Joint Optimization of MapReduce Scheduling and Network Policy in Hierarchical Data Centers
Donglin Yang,Dazhao Cheng,Wei Rang,Yu Wang
DOI: https://doi.org/10.1109/tcc.2019.2961653
IF: 5.697
2022-01-01
IEEE Transactions on Cloud Computing
Abstract:As large-scale data analytic becomes norm in various industries, using MapReduce frameworks to analyze ever-increasing volumes of data will keep growing. In turn, this trend drives up the intention to move MapReduce into multi-tenant clouds. However, the application performance of MapReduce can be significantly affected by the time-varying network bandwidth in a shared cluster.

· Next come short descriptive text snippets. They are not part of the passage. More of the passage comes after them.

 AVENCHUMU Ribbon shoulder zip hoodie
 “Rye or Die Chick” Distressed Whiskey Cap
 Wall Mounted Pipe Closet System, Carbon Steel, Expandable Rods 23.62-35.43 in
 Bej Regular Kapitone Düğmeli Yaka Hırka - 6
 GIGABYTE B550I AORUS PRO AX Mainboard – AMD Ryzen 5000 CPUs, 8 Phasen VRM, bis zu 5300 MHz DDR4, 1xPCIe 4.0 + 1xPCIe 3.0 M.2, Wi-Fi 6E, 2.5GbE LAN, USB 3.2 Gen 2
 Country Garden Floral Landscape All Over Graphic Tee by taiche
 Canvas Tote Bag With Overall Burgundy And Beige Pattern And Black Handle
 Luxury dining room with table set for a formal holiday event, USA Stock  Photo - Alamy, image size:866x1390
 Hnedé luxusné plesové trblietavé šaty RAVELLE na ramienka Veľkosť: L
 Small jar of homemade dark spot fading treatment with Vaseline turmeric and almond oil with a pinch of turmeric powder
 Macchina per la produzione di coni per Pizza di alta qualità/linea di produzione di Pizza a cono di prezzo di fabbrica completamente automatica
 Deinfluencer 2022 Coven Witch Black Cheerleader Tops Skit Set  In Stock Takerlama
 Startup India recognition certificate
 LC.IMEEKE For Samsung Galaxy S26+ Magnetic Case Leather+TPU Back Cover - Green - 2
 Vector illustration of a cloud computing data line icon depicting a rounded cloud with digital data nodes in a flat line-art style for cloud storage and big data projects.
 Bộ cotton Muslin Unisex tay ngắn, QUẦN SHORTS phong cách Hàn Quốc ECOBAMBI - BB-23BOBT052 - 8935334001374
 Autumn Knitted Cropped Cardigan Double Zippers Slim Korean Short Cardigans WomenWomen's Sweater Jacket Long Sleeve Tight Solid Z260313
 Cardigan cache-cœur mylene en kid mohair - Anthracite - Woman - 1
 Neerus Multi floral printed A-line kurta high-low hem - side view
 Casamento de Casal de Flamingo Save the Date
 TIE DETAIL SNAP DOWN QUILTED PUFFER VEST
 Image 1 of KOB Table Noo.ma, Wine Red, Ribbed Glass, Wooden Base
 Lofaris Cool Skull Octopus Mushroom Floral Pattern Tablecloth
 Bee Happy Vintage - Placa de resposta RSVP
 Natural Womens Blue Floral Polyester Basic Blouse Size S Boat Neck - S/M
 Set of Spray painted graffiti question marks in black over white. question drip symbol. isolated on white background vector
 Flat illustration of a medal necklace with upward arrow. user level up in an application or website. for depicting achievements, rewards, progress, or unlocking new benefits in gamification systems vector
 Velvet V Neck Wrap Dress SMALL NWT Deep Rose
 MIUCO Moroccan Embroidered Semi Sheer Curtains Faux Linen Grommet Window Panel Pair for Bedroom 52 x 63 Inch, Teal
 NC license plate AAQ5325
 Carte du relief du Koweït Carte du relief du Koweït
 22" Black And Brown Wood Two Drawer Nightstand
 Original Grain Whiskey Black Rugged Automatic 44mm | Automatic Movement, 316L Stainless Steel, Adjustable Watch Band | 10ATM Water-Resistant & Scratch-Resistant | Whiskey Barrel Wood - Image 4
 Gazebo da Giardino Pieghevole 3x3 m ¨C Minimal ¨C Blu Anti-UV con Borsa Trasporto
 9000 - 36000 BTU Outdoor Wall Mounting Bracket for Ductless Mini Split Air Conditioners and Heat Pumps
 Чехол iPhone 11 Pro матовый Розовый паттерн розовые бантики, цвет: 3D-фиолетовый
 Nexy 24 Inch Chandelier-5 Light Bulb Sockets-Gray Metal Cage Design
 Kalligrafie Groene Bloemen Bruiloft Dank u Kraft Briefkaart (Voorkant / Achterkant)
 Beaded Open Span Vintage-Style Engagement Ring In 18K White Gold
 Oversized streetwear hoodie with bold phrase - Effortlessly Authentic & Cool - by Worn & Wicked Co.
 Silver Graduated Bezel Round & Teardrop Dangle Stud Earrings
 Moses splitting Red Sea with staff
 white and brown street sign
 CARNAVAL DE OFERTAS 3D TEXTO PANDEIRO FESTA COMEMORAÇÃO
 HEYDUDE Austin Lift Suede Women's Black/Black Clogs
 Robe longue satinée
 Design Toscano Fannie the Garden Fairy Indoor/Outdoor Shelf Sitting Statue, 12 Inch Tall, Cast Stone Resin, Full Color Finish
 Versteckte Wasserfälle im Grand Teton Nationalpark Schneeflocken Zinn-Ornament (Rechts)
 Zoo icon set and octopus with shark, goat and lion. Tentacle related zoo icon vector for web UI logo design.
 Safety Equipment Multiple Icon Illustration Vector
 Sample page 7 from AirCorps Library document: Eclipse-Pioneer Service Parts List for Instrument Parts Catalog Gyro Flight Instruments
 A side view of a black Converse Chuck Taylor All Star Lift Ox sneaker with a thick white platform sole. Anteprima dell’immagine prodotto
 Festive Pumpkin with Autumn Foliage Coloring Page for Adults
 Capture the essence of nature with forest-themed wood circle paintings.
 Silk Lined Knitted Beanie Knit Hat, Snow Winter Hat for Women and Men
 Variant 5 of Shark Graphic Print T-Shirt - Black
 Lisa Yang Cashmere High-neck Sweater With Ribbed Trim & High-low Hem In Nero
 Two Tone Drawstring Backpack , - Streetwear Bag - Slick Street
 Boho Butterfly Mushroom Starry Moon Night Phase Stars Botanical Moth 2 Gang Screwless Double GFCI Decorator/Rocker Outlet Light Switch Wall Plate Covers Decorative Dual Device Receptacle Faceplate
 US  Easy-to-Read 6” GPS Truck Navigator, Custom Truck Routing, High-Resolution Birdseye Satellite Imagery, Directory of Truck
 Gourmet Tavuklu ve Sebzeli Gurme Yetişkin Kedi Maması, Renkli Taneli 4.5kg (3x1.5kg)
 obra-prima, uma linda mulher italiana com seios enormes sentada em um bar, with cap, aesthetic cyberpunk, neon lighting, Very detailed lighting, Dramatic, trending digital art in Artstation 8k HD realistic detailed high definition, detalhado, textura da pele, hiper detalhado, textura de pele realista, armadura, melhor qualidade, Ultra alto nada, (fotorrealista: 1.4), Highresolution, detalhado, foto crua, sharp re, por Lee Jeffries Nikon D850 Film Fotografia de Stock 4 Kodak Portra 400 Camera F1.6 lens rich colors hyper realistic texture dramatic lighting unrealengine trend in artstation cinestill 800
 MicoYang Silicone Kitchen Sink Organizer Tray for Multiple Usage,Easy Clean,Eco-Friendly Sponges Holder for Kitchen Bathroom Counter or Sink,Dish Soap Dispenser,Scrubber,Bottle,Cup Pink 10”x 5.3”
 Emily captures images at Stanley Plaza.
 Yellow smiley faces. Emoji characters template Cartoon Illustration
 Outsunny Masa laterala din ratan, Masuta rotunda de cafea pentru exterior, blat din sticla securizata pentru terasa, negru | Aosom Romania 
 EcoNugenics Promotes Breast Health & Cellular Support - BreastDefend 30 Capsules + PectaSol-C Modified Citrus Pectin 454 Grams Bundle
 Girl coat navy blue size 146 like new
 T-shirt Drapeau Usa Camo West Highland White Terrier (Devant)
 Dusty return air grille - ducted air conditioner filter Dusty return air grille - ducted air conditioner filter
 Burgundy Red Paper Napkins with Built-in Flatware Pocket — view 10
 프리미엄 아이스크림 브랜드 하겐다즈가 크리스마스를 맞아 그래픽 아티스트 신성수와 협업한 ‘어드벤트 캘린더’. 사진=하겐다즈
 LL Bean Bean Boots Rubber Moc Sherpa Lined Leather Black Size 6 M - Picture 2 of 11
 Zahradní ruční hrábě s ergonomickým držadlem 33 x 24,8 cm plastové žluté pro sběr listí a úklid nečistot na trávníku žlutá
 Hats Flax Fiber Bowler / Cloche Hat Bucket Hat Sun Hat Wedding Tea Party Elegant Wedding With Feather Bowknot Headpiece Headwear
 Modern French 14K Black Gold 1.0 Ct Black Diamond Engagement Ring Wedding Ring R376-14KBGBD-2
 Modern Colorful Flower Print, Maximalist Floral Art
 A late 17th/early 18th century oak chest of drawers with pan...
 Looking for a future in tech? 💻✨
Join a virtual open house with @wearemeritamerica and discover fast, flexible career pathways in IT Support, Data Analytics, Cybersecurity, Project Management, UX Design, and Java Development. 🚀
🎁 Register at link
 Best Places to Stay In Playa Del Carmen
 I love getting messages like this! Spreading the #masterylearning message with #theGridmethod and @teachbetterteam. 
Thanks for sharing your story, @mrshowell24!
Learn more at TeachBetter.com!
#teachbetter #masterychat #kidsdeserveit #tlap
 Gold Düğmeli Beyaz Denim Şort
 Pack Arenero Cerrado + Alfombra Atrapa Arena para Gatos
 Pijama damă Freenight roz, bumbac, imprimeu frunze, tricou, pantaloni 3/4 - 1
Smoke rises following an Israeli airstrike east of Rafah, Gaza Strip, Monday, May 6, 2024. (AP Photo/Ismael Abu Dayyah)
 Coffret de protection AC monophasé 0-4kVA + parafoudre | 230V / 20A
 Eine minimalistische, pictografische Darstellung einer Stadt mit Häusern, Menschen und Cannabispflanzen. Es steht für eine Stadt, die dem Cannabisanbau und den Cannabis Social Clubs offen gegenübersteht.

Although many recent studies improve MapReduce performance by dynamic scheduling to reduce the shuffle traffic, most of them do not consider the impact by widely existing hierarchical network architectures in data centers. In this article, we propose and design a hierarchical topology (Hit) aware MapReduce scheduler to minimize overall data traffic cost and hence to reduce job execution time. We first formulate the problem as a Topology Aware Assignment (TAA) optimization problem while considering dynamic computing and communication resources in the cloud with hierarchical network architecture. We further develop a synergistic strategy to solve the TAA problem by using the stable matching theory, which ensures the preference of both individual tasks and hosting machines. Finally, we implement the proposed scheduler as a pluggable module on Hadoop YARN and evaluate its performance by testbed experiments and simulations. The testbed experimental results show that Hit-scheduler can improve job completion time by 28 and 11 percent compared to Capacity Scheduler and Probabilistic Network-Aware scheduler, respectively. Our simulations further demonstrate that Hit-scheduler can reduce the traffic cost by 38 percent at most and the average shuffle flow traffic time by 32 percent compared to capacity scheduler. In this article, we have extended Hit-scheduler to a decentralized heuristic scheme to perform the policy-aware allocation in data center environments. Many existing centralized approximation approaches are too complex and infeasible to implement over a data center, which typically include lar-e amounts of servers, containers, switches, and traffic flows. In the extension, we have designed a decentralized heuristic scheme to perform the Policy-Aware Task (PAT) allocation by using existing centralize algorithm to approximately maximize the total gained utility. Finally, the simulation based experimental results show that the proposed PAT policy reduces the communication cost by 33.6 percent compared with the default scheduler in data centers.
computer science, information systems, theory & methods